Ну, это ты загнул. Какой подвиг? Та же служба, что и каждый день.

Пойдем дальше: «Ревут моторы; катер, разрезая острым форштевнем холодные воды Ладоги, устремляется к боевому посту. В любую минуту с северной части озера может появиться враг. «Морской охотник» ложится в дрейф на невидимой линии дозора. Ветер крепчает. Катер бросает с одной волны на другую. Но вот поступает радиограмма: «В районе банки Северная Головешка вражеские самолеты расстреливают баржу». Поврежденную бомбой баржу штормом оторвало от буксира и унесло в озеро.

Катер на предельной скорости летит к месту разыгравшейся трагедии. Орудия и пулеметы готовы к открытию огня. Прямо по курсу из тумана вырастает силуэт баржи. Нашим глазам открывается душераздирающее зрелище: в волнах разбушевавшейся стихии гибнет ветхая баржа с грузом продовольствия для голодающего Ленинграда. На барже и в воде, на обломках, — обессилевшие люди, а над ними три мессершмитта устроили чертову карусель, безжалостно расстреливая речников. Появление «морского охотника» отвлекает внимание вражеских истребителей от баржи. Со зловещим воем они пикируют на катер и сразу получают достойный отпор.

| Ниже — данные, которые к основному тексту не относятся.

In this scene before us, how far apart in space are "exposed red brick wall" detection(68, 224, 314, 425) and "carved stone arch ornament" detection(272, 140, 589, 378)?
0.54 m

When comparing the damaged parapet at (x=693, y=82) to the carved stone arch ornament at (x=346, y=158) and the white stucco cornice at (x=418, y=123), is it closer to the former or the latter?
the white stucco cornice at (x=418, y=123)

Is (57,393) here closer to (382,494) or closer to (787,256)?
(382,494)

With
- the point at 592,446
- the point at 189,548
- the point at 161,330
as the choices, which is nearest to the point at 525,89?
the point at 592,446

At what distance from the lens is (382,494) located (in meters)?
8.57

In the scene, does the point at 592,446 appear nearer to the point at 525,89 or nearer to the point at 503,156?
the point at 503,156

— По самолетам противника!.. Огонь! — приказывает командир.

Катер маневрирует, слаженно работает экипаж. Командир четко отдает приказы. В глазах его горит огонь ненависти к немецко-фашистским захватчикам».

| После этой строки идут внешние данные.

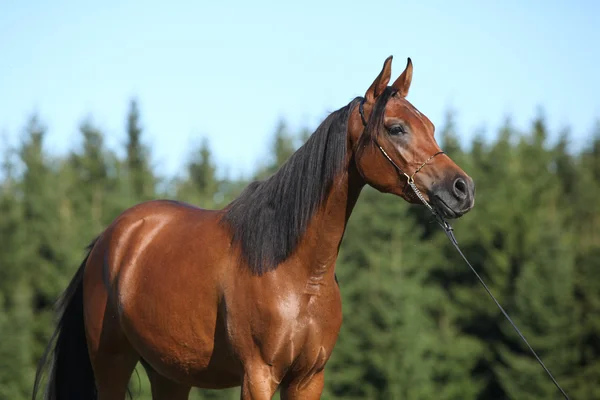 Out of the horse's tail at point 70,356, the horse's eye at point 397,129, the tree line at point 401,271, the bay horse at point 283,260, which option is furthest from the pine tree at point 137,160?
the horse's eye at point 397,129

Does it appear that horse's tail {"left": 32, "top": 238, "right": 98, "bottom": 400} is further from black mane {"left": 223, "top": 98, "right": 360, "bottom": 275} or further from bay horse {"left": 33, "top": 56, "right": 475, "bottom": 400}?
black mane {"left": 223, "top": 98, "right": 360, "bottom": 275}

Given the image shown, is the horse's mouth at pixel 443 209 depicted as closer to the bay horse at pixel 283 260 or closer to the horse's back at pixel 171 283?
the bay horse at pixel 283 260

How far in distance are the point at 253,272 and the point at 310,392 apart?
0.78 m

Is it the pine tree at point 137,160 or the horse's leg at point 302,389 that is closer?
the horse's leg at point 302,389

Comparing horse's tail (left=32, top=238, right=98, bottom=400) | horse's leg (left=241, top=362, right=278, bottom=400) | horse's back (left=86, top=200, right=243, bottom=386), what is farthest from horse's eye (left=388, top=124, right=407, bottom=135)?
horse's tail (left=32, top=238, right=98, bottom=400)

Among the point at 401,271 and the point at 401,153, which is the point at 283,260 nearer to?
the point at 401,153

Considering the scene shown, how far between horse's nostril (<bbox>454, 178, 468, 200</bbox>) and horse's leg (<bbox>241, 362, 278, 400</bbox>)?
54.8 inches

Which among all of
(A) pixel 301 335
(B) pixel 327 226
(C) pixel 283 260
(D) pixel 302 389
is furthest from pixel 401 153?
(D) pixel 302 389

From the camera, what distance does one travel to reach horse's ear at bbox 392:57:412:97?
434 centimetres

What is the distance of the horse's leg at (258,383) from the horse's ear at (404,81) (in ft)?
5.62

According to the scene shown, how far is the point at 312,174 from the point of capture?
434 centimetres

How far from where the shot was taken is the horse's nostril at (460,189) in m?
4.00

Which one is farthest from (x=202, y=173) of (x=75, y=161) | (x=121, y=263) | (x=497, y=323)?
(x=121, y=263)

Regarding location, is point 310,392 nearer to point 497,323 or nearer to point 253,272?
point 253,272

На этом месте Алексей остановился и с недоумением посмотрел на журналиста:

— Когда ты там увидел огонь ненависти?

— Но ведь вы же их ненавидите, — несмело возразил молодой человек.

— Да пойми ты, садовая голова, в бою нет места эмоциям. Тут нужен холодный расчет, смекалка, умение мгновенно реагировать. А чувства всякие мы оставляем на берегу. Если я буду задыхаться от ненависти, вместо того чтобы быстро соображать, то загублю корабль и людей. Это ты явную глупость написал. Так, дальше: «Очередью из правого пулемета пробит фюзеляж одного из самолетов. Оставляя в небе черную полосу, мессершмитт скрывается в облаках. Теперь над нами кружатся два истребителя.

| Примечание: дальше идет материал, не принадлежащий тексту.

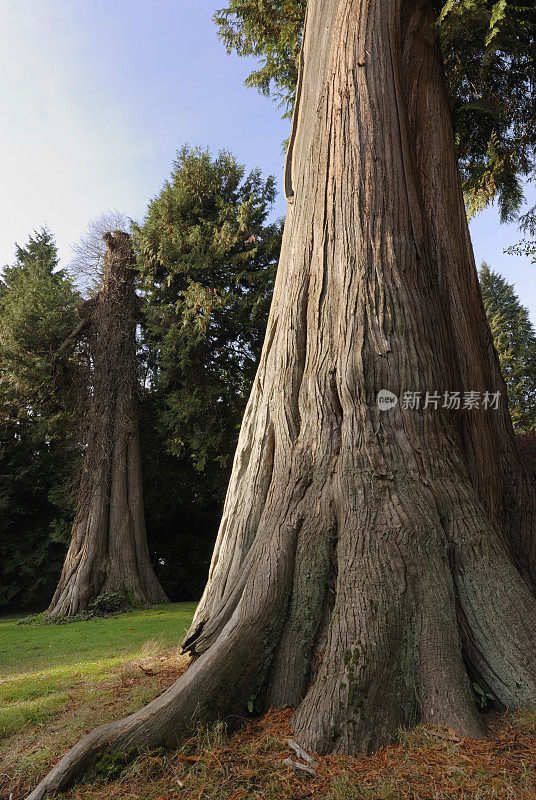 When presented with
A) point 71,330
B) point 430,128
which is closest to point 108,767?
point 430,128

Несмотря на сложность обстановки, командир принимает решение немедленно поднять на борт утопающих, которые уже теряют сознание от холода. Краснофлотцы, обвязав себя пеньковыми тросами, прыгают в ледяную воду. Катер продолжает отстреливаться из всех видов оружия и ставит дымзавесу. Экипаж сражается героически. «Смерть фашистским оккупантам!» — слышится боевой клич».

— Я сейчас его побью, — сказал Алексей Вазгену, который с трудом сдержал улыбку. — Ты хочешь взбесить меня окончательно? Когда им было кричать под обстрелом? Я тебя спрашиваю?

— Алексей Иванович, если я так не напишу, у меня не примут материал.

— Значит, не пиши совсем! Это ты называешь материалом? Нет, придется дочитать до конца. Боюсь, в этом сочинении еще немало сюрпризов.

«Ранен в руку рулевой — старшина 2-й статьи Максим Громов, но он мужественно остается на своем посту.

Обливаясь кровью, падает на палубу сигнальщик — комсомолец Федор Лыков. Я подбегаю к нему. Герой, уже теряя сознание, поет Интернационал».

Алексей замолчал и поднял глаза на корреспондента. В них сейчас действительно разгорался опасный огонь, хорошо знакомый Вазгену. Так умел смотреть только Вересов. Алексей отложил рукопись и начал медленно подниматься.

— Тихо, тихо, Алеша. — Вазген подскочил к другу и обхватил его, не давая двинуться.

Он крикнул через плечо журналисту:

— Собирай свою писанину и марш отсюда, проваливай, мигом, не гневи судьбу!

— Сейчас я всажу тебе пулю в живот и посмотрю, что ты у меня запоешь, — зарычал Алексей, пытаясь выхватить пистолет, но Вазген держал его крепко.

Перепуганный журналист схватил исписанные листки и вихрем вынесся из землянки.

— Алеша, все, успокойся! Да что ты, в самом деле? Мальчишка — дурак, шут с ним совсем.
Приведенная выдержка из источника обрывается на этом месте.